The Uber Request Data Analysis project was undertaken with the objective of examining ride request patterns in order to identify and understand supply-demand discrepancies within Uber’s service operations. By analyzing real-world data comprising detailed information about individual ride requests, this study aims to uncover the factors contributing to frequent ride cancellations and unfulfilled ride requests, especially during high-demand periods.

---
The dataset utilized for this project includes essential variables such as Request ID, Pickup Point, Request Timestamp, Drop Timestamp, and Status. Each row in the dataset represents a unique ride request, capturing the location from which the ride was requested (City or Airport), the date and time of the request, the ride status (Trip Completed, Cancelled, or No Cars Available), and the completion time where applicable. These features provide a rich foundation for analyzing patterns related to rider demand, service fulfillment, and operational bottlenecks.

---

The project began with a structured data cleaning and preprocessing phase. All timestamp fields were converted into a standardized datetime format.

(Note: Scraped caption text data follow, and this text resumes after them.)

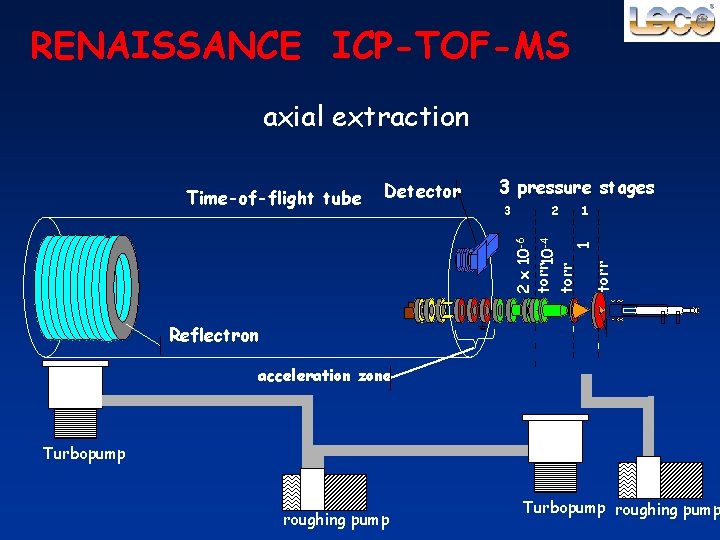 RENAISSANCE ICP-TOF-MS axial extraction Detector 3 pressure stages 3 2 1 2 x 10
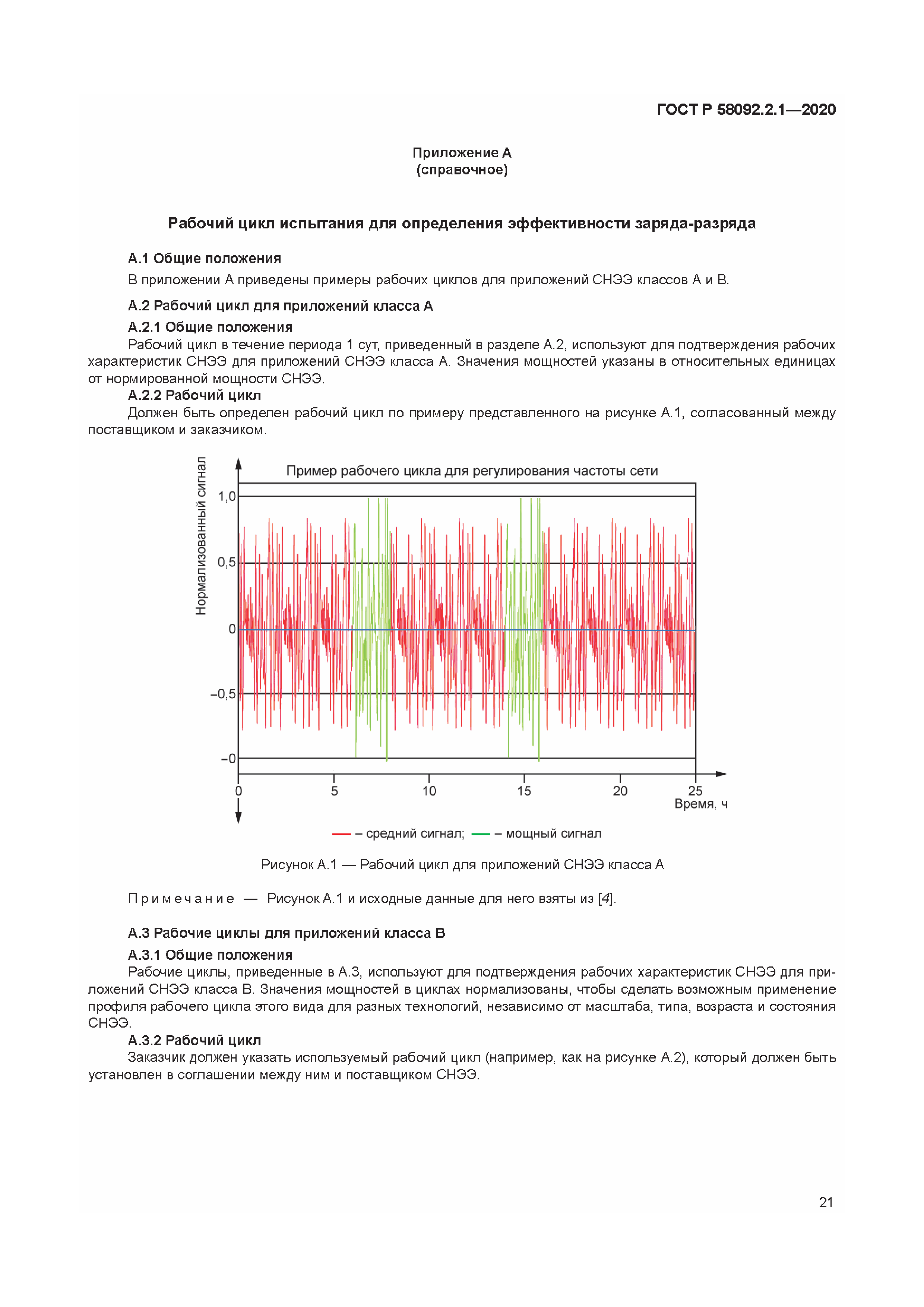 ГОСТ Р 58092.2.1-2020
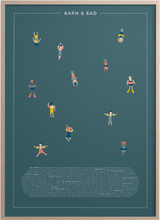 Kunskapstavlan® - Poster 30x40 cm Barn og bad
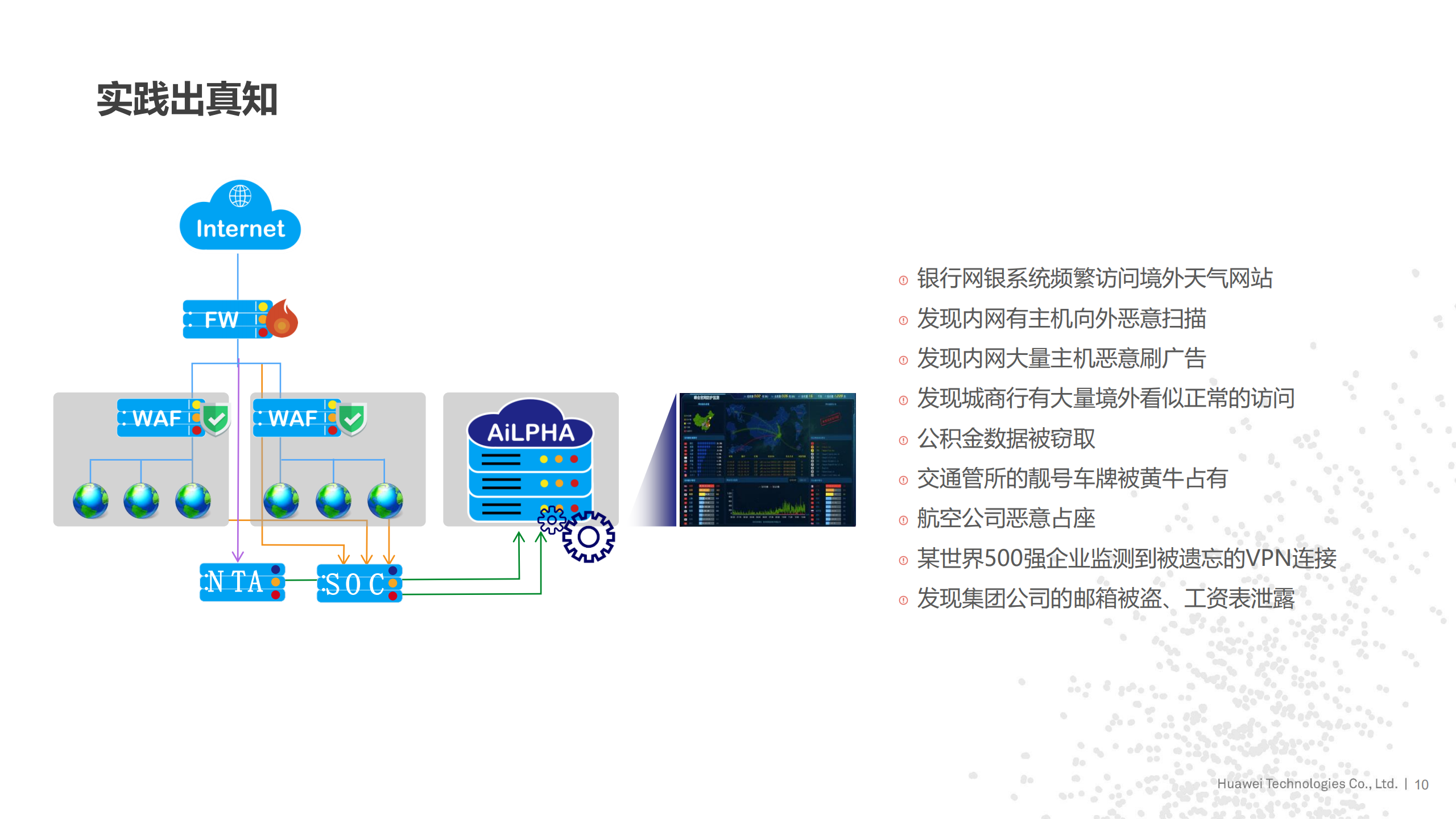 基于大数据的智能安全防御体系建设_ITIL之家(www.itilzj.com)_.PDF 第10页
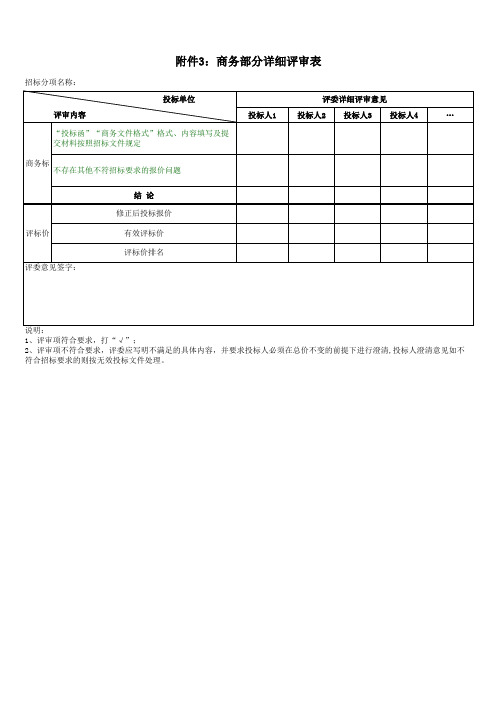 监理服务评标表格模板(2020版)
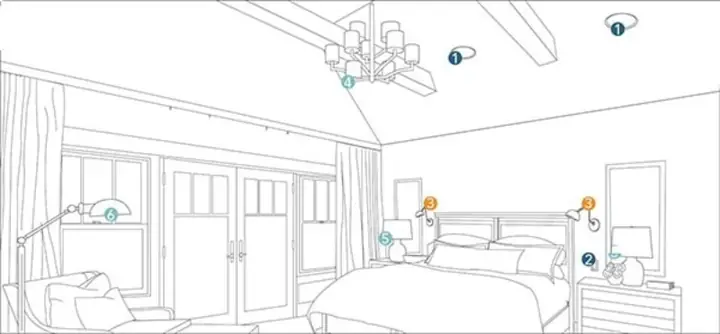 Cách Lắp Bóng Đèn LED Phòng Ngủ An Toàn và Hiệu Quả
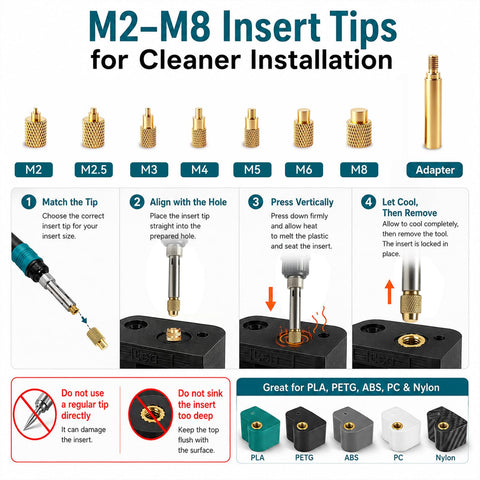 Diagram showing M2-M8 heat set insert tips included in 18-Piece Pro-Grade 3D Print Finishing Tool Kit With Heat Set Insert Tips And Brass Soldering Iron Tips For Smoothing, Trimming, Deburring, And Threaded Insert Installation Of 3D Printed Parts and installation steps.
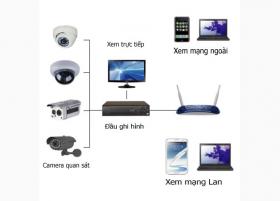 Lắp đặt hệ thống Camera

Missing values were primarily found in the Drop Timestamp column, which is expected as only completed rides have a drop time. Duplicate entries were checked and eliminated to ensure the integrity of the analysis. Additional derived features were created for more granular analysis, including Hour (extracted from the request timestamp) and a categorized Time Slot variable that groups requests into logical intervals such as Late Night, Early Morning, Morning, Afternoon, and Evening.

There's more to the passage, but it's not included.